And so we're about two weeks away from launch from this. And as I've been kind of building the marketing materials and the communication for this, more and more I've kind of been thinking about how this is actually the future because it's not just about what I'm telling you about Inquisio, but any firm like us, any software company, any B2B service, any tech enabled service that has access to data like this should be thinking about how to build a platform like Inquisio because every private equity investor that I have demoed this product to has said they are interested and we're going to be giving them a demo in a couple of weeks so that they have a free account to play around and all those things. And so if you have a unique data set and you have a proprietary process, odds are there is a vertical AI tool sitting inside your business that can scale your business tenfold.

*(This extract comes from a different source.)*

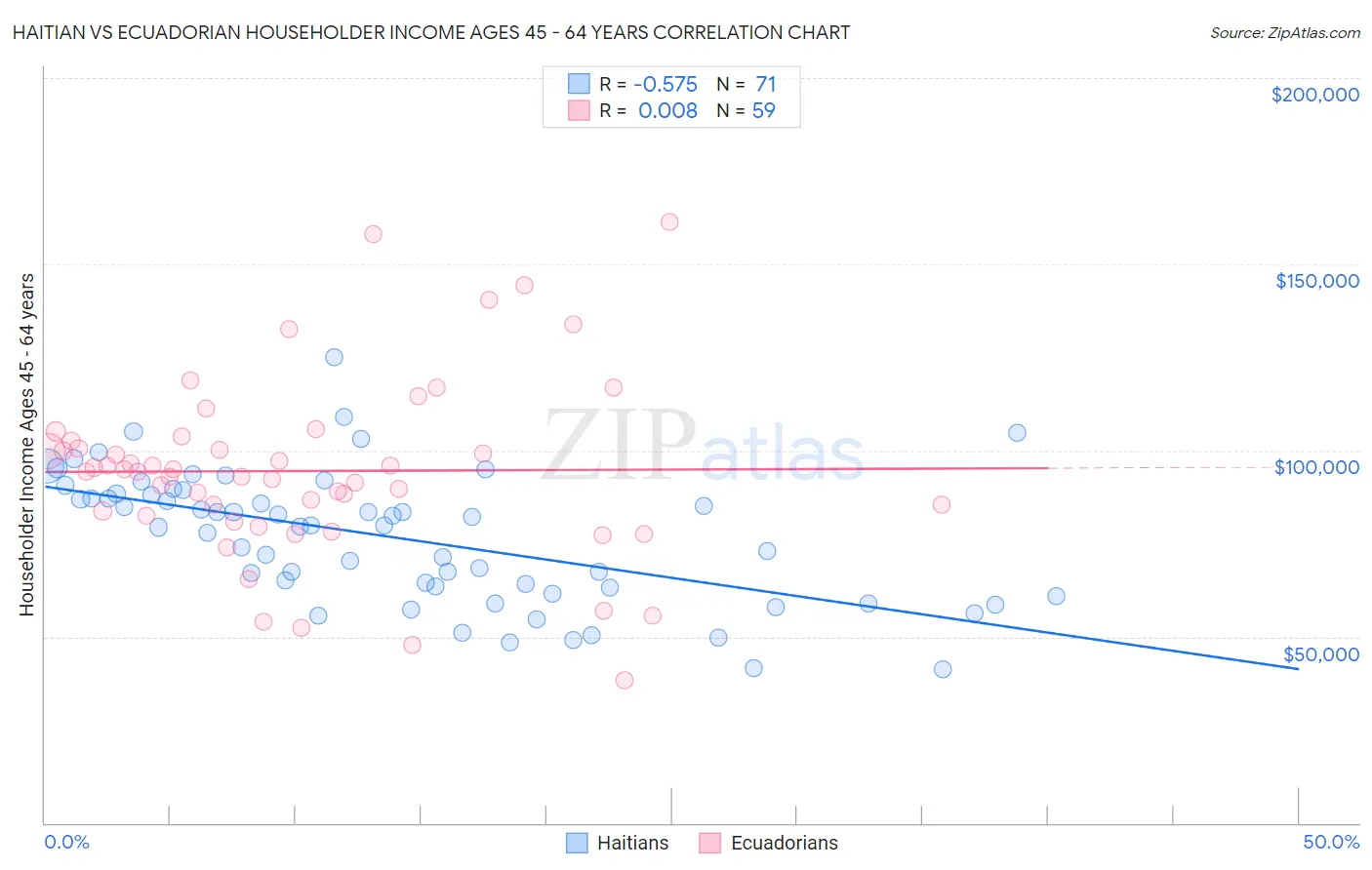 Haitian vs Ecuadorian Householder Income Ages 45 - 64 years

And I'll kind of explain the business strategy behind why we did this and how you can kind of apply to any portfolio company or your respective company here as well. So, just taking a step back, right? Kind of how I've grown this business over the last six years is at some point I realized that the main KPI or the main metric that we need to move to grow this business is to meet more private equity firms. When I initially started the company, I thought it was to meet more software founders. And very quickly I realized because when we sold the last company to private equity and the PE firm started pulling me into the other investments, I realized that the big, big differentiator or way to get into multiple companies is to partner with a PE firm because they're already making the investments into the ICP of the types of software companies we want to help. So we build inroads with them and we really support them and be a true partner to them. They will introduce us and that will become our reoccurring revenue over time. And so, and by the way, this is just a sidebar. Like I think most companies need to think about this because in every company there's really one or two entirely in most companies, 10 million, 100 million. There's usually one or two key metrics or North Star metrics that if you move and you have all your activities kind of zero in on, it changes the whole business. And for us, it's meeting more private equity investors in whatever business you're thinking about. It might be something else, but it's usually only one or two things. And this is where kind of distraction is the enemy because when businesses start to get more complicated, we ourselves make things way more complicated than they are. But in reality, what really moves the needle is one or two things.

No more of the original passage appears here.